Appearing front and center in the documentary “Cold Case Hammarskjöld” is the film’s writer-director, Mads Brügger. He tells the story via voiceover, he tells the story directly to those he’s working with, he—quite theatrically—injects himself into everything going on. He wears costumes, makes jokes, and generally plays the role of provocateur. It may be a little shticky, but it always feels as though it’s for a greater purpose.
That purpose? To espouse an utterly wild conspiracy theory. Or maybe two conspiracy theories. It’s brilliantly fun even if it’s unabashedly weird.
Generally speaking, the film starts off as an investigation into the 1961 death of United Nations Secretary General Dag Hammarskjöld.
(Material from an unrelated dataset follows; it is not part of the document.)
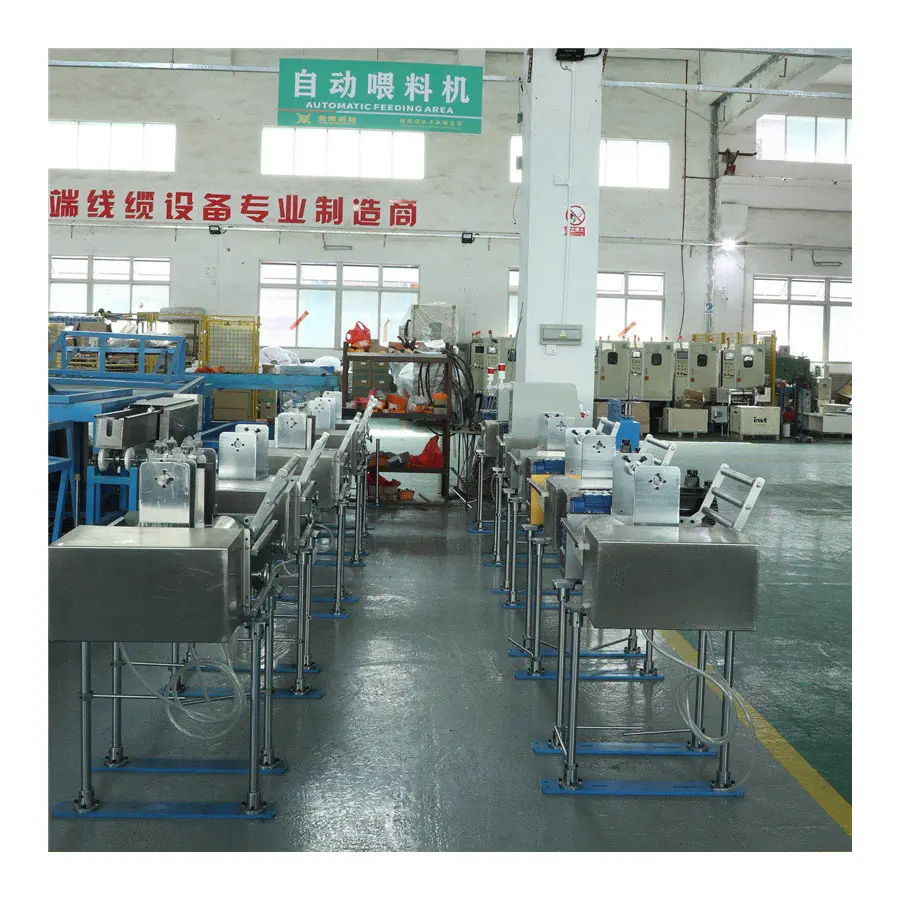 2022 New Arrived Silicone Hose Automatic Feeder Silicone Feeder Machine Extrusion Line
This occurred when a plane in which Hammarskjöld was travelling crashed in Congo as it was approaching the runway for a landing.
As with any really good conspiracy theory, this one has talk of angry governments and bombs and backup plans and shadowy secret organizations with centuries of history and weird dress codes. It is, and you’ll forgive me if this word lacks specificity or a sense of decorum, bonkers. It is absolutely bonkers. Completely and totally nuts.
Over the course of the two hours that the documentary unfolds, however, Brügger makes it work. Check that, he more than makes it work. One will not necessarily come out of the film believing the story, but it is all insanely entertaining. Brügger keeps the audience utterly mesmerized as “Cold Case Hammarskjöld” flits back and forth from one hotel room to another, from one false start to another. There are pith helmets, Cuban cigars, and important subjects who refuse to be interviewed.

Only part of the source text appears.